Der Ministerin dürften da die beiden ausgelobten Sonderpreise besonders gefallen haben, denn sie stellten die Einbeziehung der Kinder und Jugendlichen und das Engagement aller am Schulleben Beteiligten in Rechnung. Die Düsseldorfer Alfred-Herrhausen-Förderschule mit den Förderschwerpunkten Lernen sowie emotionale und soziale Entwicklung (Primarstufe und Sekundarstufe I) erhielt den Preis für einen Terrassenanbau. In den Jahren 2009 bis 2012 waren die Schülerinnen und Schüler dieser offenen Ganztagsschule im Rahmen des Modellversuchs „Schulkunst – Kunst verändert Schule“ vom Entwurfsgedanken bis zur öffentlichen Präsentation einbezogen. „Die Arbeit ist auch von einer hohen gestalterischen Qualität“, lobte die Jury.

Die Geschwister-Scholl-Realschule im westfälischen Senden, ebenfalls eine offene Ganztagsschule, erhielt ihren Sonderpreis für die Neugestaltung des Übermittagsbereichs. Diese Arbeit überzeugte die Jury auch gerade deshalb, weil sie auf den Ideen der Jugendlichen, der Lehrerinnen und Lehrer sowie der Eltern basierte. „An den verschiedenen Eingriffen ist spürbar, dass die Ideen und Ansätze direkt aus dem notwendigen pädagogischen Bedarf vor Ort entwickelt und umgesetzt worden sind“, begründete die Jury ihre Entscheidung.
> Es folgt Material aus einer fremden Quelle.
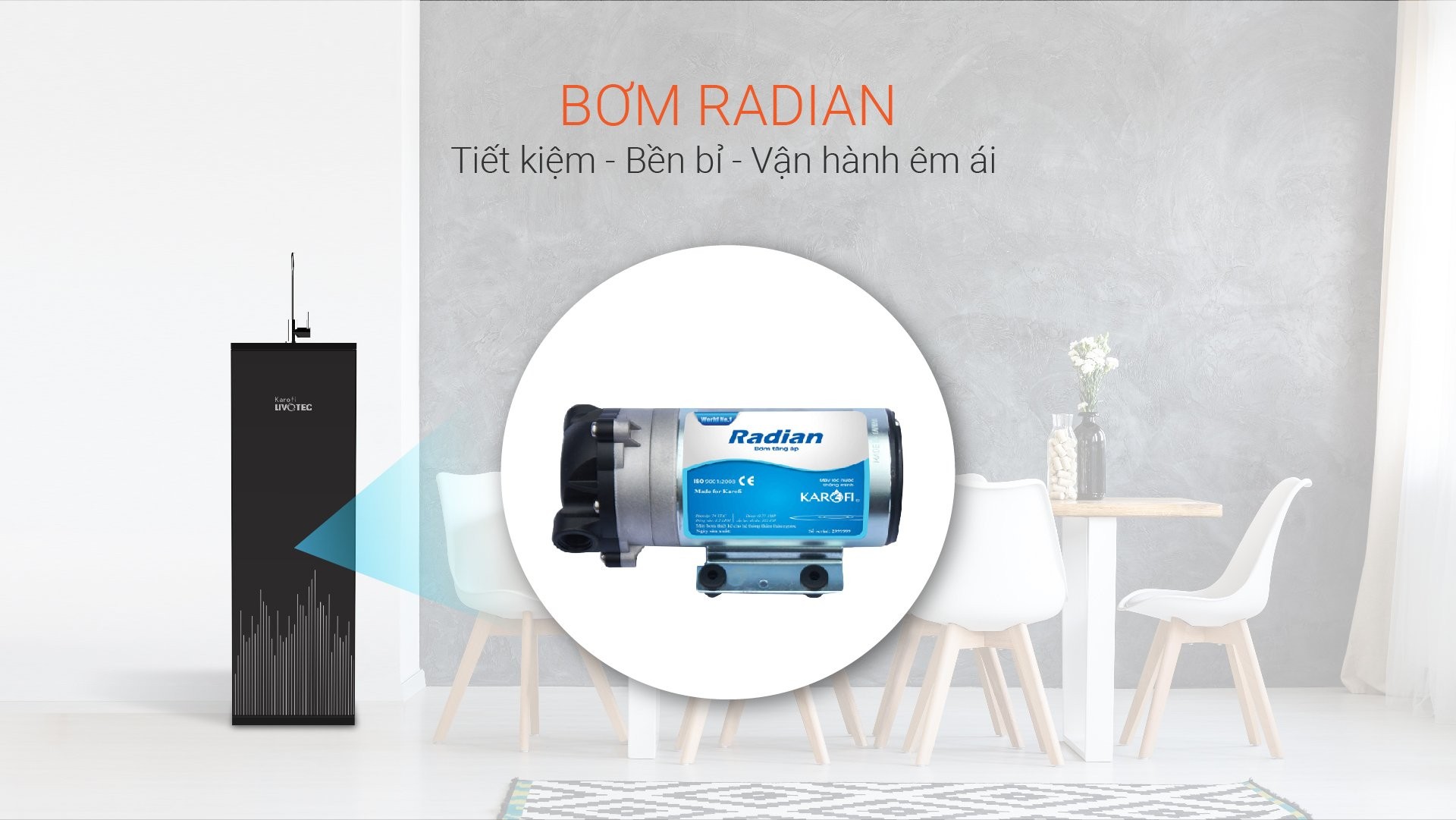 Livotec 110 cũng được trang bị bơm Radian hoạt động bền bỉ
Und weiter: „Die Jury betont, dass auch derartige kleine Umbaumaßnahmen viel bewirken und für eine Verbesserung von Lern- und Aufenthaltsqualität sorgen können.“

Wie sehr die Umwandlung des Halbtags- in ein Ganztagsschulsystem auch für räumliche Veränderungen in der nordrhein-westfälischen Schullandschaft gesorgt hat, zeigte sich auch an den klar als Ganztagsumbaumaßnahmen deklarierten Siegerschulen. So wurde beispielsweise die Städtische Gemeinschaftsgrundschule Deutzer Straße in Düsseldorf erweitert, das Schulzentrum Horn-Bad Meinberg erhielt eine Mensa, die Städtische Gemeinschaftsgrundschule Porz-Ensen-Westhoven wurde zur offenen Ganztagsschule erweitert und umgebaut sowie die Grundschule Rosenmaarschule in Köln zur offenen Ganztagsschule erweitert und renoviert.

Neben dem Ganztag rückt nun ein anderes Thema in den Vordergrund, das in den kommenden Jahren die Bautätigkeit an den Schulen weiter befeuern wird: „Inklusion wird das große Thema“, erklärte Sylvia Löhrmann zum Abschluss der Preisverleihung.